A"no" vote opposes authorizing the district to levy an annual parcel tax of $0.06 per square foot of structural improvements on property up to 100,000 square feet and excluding parking areas.
As Southern California dealt with a slew of wildfires in 2018, the Los Angeles County Fire Department found itself overwhelmed as the fires pushed firefighters and their equipment to its limits. That's why the department is asking for a new parcel tax to help fund the hiring of additional firefighters and paramedics, upgrade its equipment and better serve the public. The parcel tax would be 6 cents per square foot on residential and commercial buildings, with the taxable area capped at 100,000 square feet.
The measure requires two-thirds approval by voters to pass.
Measure R: Los Angeles County, California, Measure R, Civilian Police Oversight Commission and Jail Plan Initiative
Shall the measure amending Chapter 3.79 of the Los Angeles County Code to revise the duties and powers of the Sheriff Civilian Oversight Commission to investigate Sheriff-related issues, compel production of records and witnesses, review and evaluate the Office of the Inspector General's handling of complaints, and develop a recommended jail plan, be adopted?
A "yes" vote supports authorizing the Sheriff Civilian Oversight Commission to develop a plan designed to reduce jail population and incarceration and granting the commission subpoena power to investigate complaints.
A "no" vote opposes authorizing the Sheriff Civilian Oversight Commission to develop a plan designed to reduce jail population and incarceration and granting the commission subpoena power to investigate complaints.
Measure R was placed on the ballot in part to strengthen civilian oversight over L.A. County's jail system and help it focus on improving psychiatric care, drug treatment and other services for people who are sent to jail.
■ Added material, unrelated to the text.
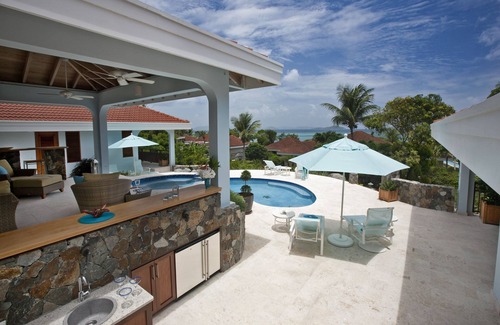 Spanish Town Villa | Impresionantes vistas al mar: cascada, ping pong, putting green, bañera de hidromasaje, aire acondicionado completo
The measure would improve on previous reforms by giving the Los Angeles County Sheriff Civilian Oversight Commission the power to subpoena witnesses and documents relevant to citizen's or inmate's complaints. The measure also requires the Commission to issue a Comprehensive Public Safety Reinvestment Plan to be presented to the Los Angeles County Board of Supervisors and published to the public seven months after its adoption. The plan must include a feasibility study regarding the plan's implementation, strategies to reduce the county's jail population through mental health treatment, and a timeline and detailed allocation of resources for the plan.